Мне было тяжело. Наш взвод насчитывал 66 бойцов, это много. И были они почти 66-ти национальностей. Ну это я для образности преувеличил. Во всяком случае славян во взводе не было.

Такая особенность мешала общению, обучению, занятиям по полевой защите, где нас учили рыть окопы, стрелять, атаковать, понимать тактику и стратегию боя и пр., всяким общим делам. Занятия-то в учебной роте проводились на общегосударственном языке, и чтобы все понимали преподавателей, приходилось в каждой группе выбирать армянина, азербайджанца и грузина, которые знали русский язык и которые для остальных должны были служить переводчиками. Но хитрые горцы, представители закавказских национальных меньшинств — нацмены, как тогда говорили, — были несознательными гражданами и откровенно отлынивали от помощи товарищам, всячески уклонялись от такой чести — не хотели напрягаться. Это была мука, каждый день приходилось кого-то упрашивать, кого-то убеждать, а кого-то обязывать, чтобы они способствовали процессу обучения.

Вот с началом нового дня мы приходим на занятия, я ставлю боевую задачу, и начинают включаться переводчики. Остальные стоят как балбесы, без желания думать и вникать. Похоже, они с самого начала не собирались воевать — вот уж поистине, притворялись дурачками, чтобы не участвовать в войне.

Первым начинает переводить грузин — а-бла-гур-джур... (Борис Павлович говорит на грузинском, который знал), что-то там мелет... А остальные грузины стоят — аго-гар-гав... — обсуждают сказанное, качая головами. Так, после этого начинает говорить азербайджанец для своих соплеменников — дру-пру-гору-ору (Борис Павлович говорит по-азербайджански), и вся картина повторяется. Последним к переводу приступает армянин — (Борис Павлович демонстрирует знание армянского языка), у них тыр-пыр (произносит по-армянски) — это товарищ. І тоже: вах-гав-тхав-пхав...

Ну вот сколько мы там позанимались, то и наше. Все равно для войны тех занятий не хватало, да еще при ленивом отношении учащихся... Совсем немного позанимались, тяжело очень было с равнодушными людьми, которым казалось, что враг их за Кавказским хребтом не достанет.
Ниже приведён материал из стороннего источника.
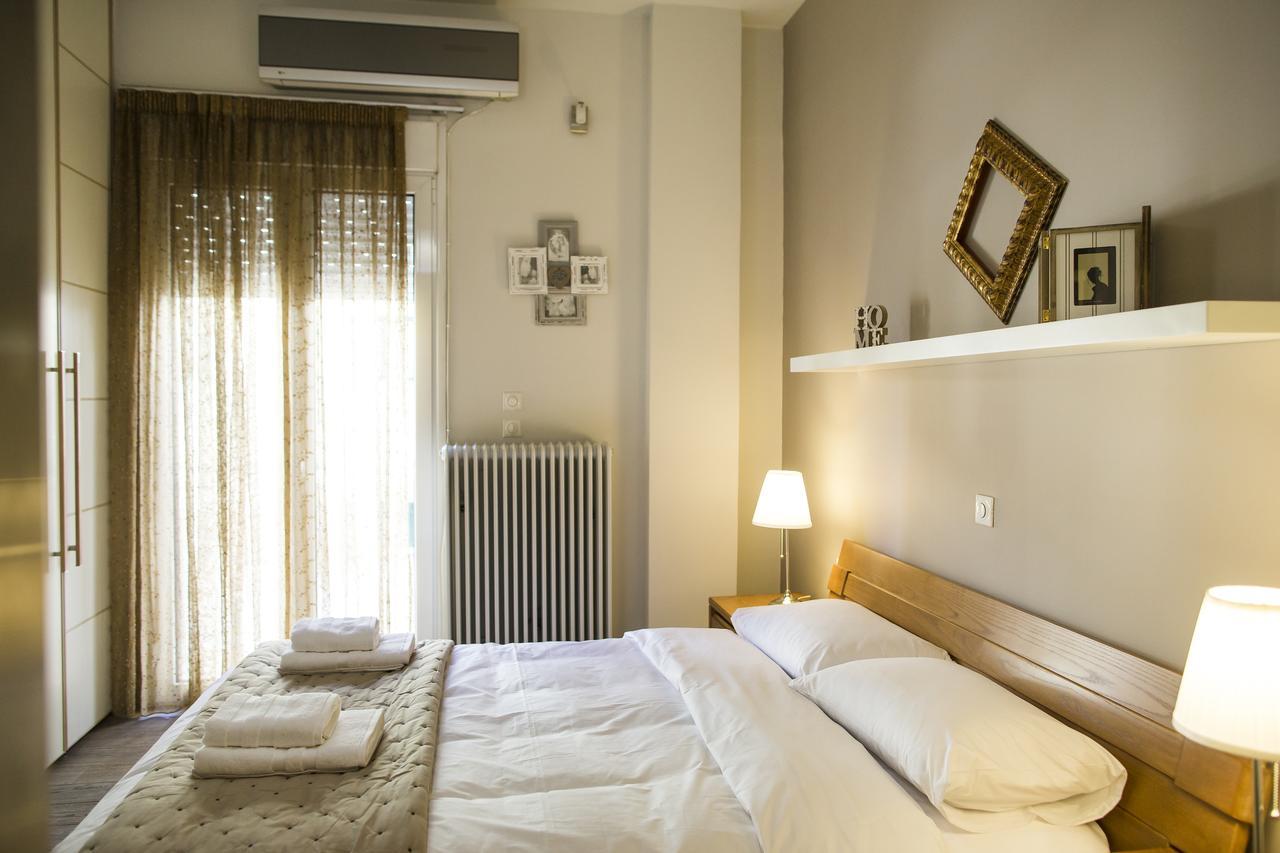 Kerameikos Boutique Athens Luxurious Apartments Exteriér fotografie
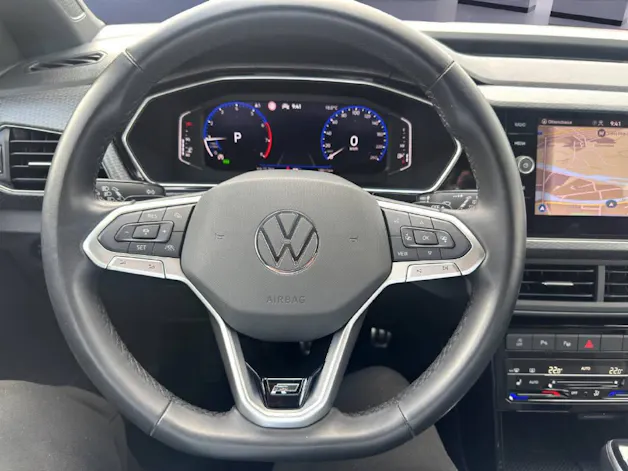 VW T-Cross 1.5 TSI Style DSG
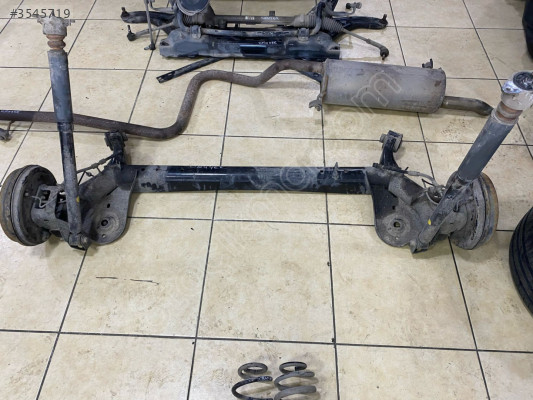 FORD COURİER DİNGİL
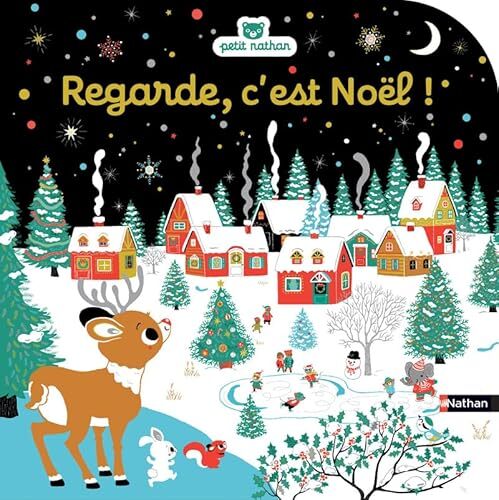 regarde, c'est noël !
И тут сразу же немцы подходят под Москву, мы знали ситуацию по сводкам Совинформбюро. Нас грузят в эшелоны и бросают под турецкую границу, ибо турки сконцентрировали там многотысячную армию вдоль нашей границы... Турки ждали: как только немцы берут Москву, так сразу Турция объявляет войну СССР. И мы тоже ждали дальнейшего развития событий и продолжали свои занятия.

Ну вот случилось так, что японцы нанесли удар по юго-восточной Азии и перестали нам угрожать. Тогда наши военачальники сняли забайкальские дивизии и бросили под Москву. А к тому же немцев донимали наши тридцати-сорокаградусные морозы, и они засели, выдохлись. И турки — цурик (zurück), назад.

Тогда нас обратно оттуда переводят в Абхазию, не в Тбилиси, а — через горы, через перевалы и туннель под Кавказским хребтом — на черноморское побережье, в Абхазию. Мы побывали в Сухуми, Батуми, в городе Зугдиди, потом из Зугдиди нас перевезли в Очемчири, из Очемчири — в порт Поти».

Как видим, 336-я стрелковая дивизия сформировалась в предместье Тбилиси, но в связи с изменениями конфигурации фронтов, продиктованными международной обстановкой, с 12 декабря 1941 года по март 1942 года несколькими частями перебрасывалась в севастопольский порт.

На момент присоединения к обороне Севастополя в дивизии числилось 10 799 человек, из них: 819 — начсостава, 691 — младшего комсостава, 9 289 — рядового состава. Национальный состав дивизии состоял из 29-ти национальностей, распределившихся следующим образом:

Русских – 1 071,

Украинцев – 1 575,

Белорусов – 25,

Грузин – 2 994,

Азербайджанцев – 2 295,

Армян – 1 655,

Лезгин – 634 человека.





Остальные были аварцы, осетины, и т.д. Как видно, кавказский элемент тут подавляюще преобладал.

Продолжим рассказ Бориса Павловича.

«28 декабря 1941 года нас погрузили на теплоход «Абхазия», огромнейший теплоход, но уже оборудованный по-военному, вооруженный пушками, зенитками... И отправили, не говоря куда. Оказалось, что повезли нас на Севастополь, морем»[18].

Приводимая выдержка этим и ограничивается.